LA MISA ÚNICA
Josué 5, 9.10-12 2 Corintios 5, 17-21 Lucas 15, 1-3, 11-32
Queridos hermanos:
Sean bienvenidos a la casa solariega de la diócesis. El más humilde de toda la familia escogido por Dios para ser el signo de la unidad, este obispo, les agradece cordialmente de estar dando con él, al mundo que espera la palabra de la Iglesia; la palabra de la Iglesia, que no sólo sale de los labios, sino que se proclama por toda esta significativa presencia en la única misa de este día.
Queremos con esto darle todo el valor que tiene la misa de todas nuestras parroquias, de todas nuestras capellanías, el valor que tiene la misa cuando una familia doliente la pide para su deudo, que va ser enterrado o para darle gracias a Dios por el cumplimiento de 15 años de una jovencita o para bendecir el matrimonio de dos que se aman hasta la muerte.

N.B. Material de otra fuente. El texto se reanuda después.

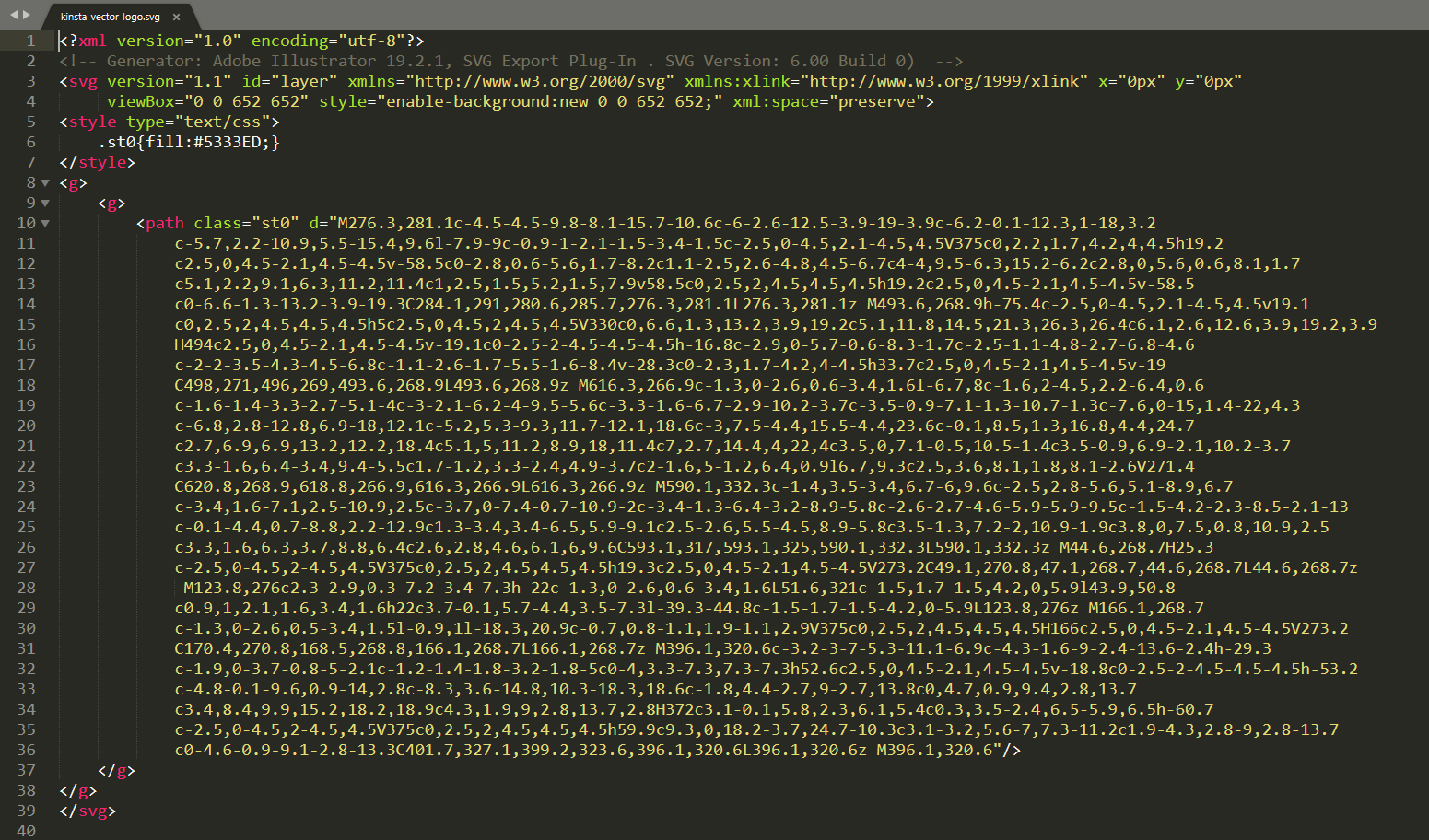 An svg file in a text editor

La misa está recuperando en este momento todo su valor; porque quizá, por multiplicarla tanto, la estamos considerando simplemente, muchas veces, como un adorno y no con la grandeza que en este momento está recobrando.
Yo creo que desde aquí los que están participando en esta misa única, sentirán que es la misa. El hecho es, hermanos, y sean bienvenidos, también, aquellos que no tienen la fe en la misa y están aquí. Sabemos de muchas personas que están aquí sin creer en la misa pero que buscan algo que la Iglesia está ofreciendo; y la Iglesia se alegra de poder ofrecer ese algo que la humanidad busca sin saber que lo tiene tan cerca, en cada misa que se celebra. En cada misa que se celebra hay un doble banquete: El banquete de la Palabra que evangeliza y el banquete de la Eucaristía, Pan de Vida que alimenta al hombre. No es otra cosa lo que estamos haciendo ahora en esta Iglesia peregrina, vestida de morado, de penitencia, hacia la Pascua, hacia el Cristo que resucita porque ha muerto por nosotros. La misa es Cristo. Lo que buscan aquellos que no creen en la misa, oíganlo de una vez, lo que han encontrado hoy es a Cristo.